I went out tonight (PS it is 5 above here gorgeous and clear).

I took out the radioshack rheostat MW and a NORCAL BLT with a
duplicate whip attached to one leg of the norcal blt and the other
leg of the norcal blt shorted to ground.

I walked about a quarter of a mile away from our house and setup
both antennas (the 6'MW with a 25 ohm rheostat and BLT/6'whip)

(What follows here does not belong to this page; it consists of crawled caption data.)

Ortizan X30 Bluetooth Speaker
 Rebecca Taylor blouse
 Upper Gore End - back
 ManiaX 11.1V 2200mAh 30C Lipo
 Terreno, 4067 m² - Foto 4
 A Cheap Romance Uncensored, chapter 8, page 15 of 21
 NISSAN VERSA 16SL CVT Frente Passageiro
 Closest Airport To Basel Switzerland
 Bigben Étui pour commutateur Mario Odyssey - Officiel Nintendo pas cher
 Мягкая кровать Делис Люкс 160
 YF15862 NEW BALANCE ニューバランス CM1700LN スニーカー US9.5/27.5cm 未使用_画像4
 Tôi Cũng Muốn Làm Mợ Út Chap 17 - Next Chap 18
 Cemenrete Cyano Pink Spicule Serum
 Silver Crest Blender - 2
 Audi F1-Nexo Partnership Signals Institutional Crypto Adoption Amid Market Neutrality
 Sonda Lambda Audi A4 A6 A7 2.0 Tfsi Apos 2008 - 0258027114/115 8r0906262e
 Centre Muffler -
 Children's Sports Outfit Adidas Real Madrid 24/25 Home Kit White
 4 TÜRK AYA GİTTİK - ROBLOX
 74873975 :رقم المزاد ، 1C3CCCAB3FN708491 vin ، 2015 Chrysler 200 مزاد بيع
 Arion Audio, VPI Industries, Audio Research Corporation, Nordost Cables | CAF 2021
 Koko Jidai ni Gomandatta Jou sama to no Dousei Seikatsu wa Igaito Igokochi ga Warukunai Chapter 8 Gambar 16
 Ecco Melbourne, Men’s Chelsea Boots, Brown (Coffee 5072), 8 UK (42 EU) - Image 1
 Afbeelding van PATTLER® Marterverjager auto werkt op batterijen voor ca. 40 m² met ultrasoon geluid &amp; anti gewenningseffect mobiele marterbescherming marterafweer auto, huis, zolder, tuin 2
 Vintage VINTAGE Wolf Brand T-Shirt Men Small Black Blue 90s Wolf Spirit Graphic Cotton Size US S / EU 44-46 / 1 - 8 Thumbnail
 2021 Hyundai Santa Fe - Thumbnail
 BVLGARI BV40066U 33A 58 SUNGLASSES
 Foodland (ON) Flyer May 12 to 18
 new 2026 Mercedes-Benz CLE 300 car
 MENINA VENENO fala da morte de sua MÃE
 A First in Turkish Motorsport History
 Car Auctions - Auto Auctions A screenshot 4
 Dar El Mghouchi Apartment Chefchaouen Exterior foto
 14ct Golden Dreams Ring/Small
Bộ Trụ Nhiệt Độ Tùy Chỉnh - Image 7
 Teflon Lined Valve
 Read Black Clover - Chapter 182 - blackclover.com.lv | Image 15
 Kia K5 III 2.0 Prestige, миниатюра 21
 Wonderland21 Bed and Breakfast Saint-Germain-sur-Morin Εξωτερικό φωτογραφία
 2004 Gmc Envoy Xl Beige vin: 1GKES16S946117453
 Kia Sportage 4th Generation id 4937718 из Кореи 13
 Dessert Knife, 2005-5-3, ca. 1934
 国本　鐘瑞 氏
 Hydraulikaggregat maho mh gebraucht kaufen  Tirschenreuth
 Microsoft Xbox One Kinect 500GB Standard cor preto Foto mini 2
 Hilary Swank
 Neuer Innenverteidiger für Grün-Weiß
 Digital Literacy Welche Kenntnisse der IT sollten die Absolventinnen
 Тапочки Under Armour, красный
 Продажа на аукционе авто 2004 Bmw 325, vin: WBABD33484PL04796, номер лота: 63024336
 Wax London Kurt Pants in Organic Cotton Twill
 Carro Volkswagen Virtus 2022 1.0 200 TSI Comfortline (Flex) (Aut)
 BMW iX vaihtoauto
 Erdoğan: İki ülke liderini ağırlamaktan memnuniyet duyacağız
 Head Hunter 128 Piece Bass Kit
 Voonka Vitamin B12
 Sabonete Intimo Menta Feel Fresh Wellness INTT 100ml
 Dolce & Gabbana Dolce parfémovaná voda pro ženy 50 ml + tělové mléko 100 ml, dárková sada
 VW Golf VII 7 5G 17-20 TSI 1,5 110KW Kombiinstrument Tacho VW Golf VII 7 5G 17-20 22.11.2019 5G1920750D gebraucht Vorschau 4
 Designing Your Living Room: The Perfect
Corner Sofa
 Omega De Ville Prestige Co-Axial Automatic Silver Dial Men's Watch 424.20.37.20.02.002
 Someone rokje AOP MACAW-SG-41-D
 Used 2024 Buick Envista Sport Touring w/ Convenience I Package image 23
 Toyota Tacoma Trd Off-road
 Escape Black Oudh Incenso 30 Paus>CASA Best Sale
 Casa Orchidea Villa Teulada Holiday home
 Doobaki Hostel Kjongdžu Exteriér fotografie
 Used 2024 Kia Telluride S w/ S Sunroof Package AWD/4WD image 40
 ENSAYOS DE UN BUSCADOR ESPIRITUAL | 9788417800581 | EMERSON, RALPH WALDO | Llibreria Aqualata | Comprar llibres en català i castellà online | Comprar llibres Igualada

I had my wife via 2 meters read me back S-meter readings on my
base rig.

The Rheostat mw did much worse than the BLT whip.
S6 vs S1 !
So I guess it is mostly dummyload :(

I did try a near field test of SWR vs field strength.
The fieldstrength seemed greatest when the SWR was "2 bars" [on my f817].
After dropping the swr to zero, if you kept turning the pot
fieldstrength would drop. In the far field there was no noticable
difference in the SWR setting vs field strength.

So it appears that if you get a broad null, the best position
of the pot should be at where it just hits "no bars" and
no farther.

A lower ohmage rheostat would have less resistive loss
but I dont know where to find a low value rheostat locally.

Hey, The good news is that it means I was 30 db down from a 6 foot
whip and a BLT and still was able to talk 1500 miles.


So the plan now is to remove the nichrome wire and replace
with #30 magnet wire and see what happens. My radio shack
store has 3 or 4 more of the 25 ohm rheostats in case there
no improvement or if I crater the current one.


Mike
KL7R

---------------------------

I pulled apart the rheostat and pulled off the nichrome wire
and wrapped the core with #30 magnet wire then sanded the inside
of the wire to expose the bare wire.

The receiver peaks are much sharper now
The transmitter SWR dips are much sharper also.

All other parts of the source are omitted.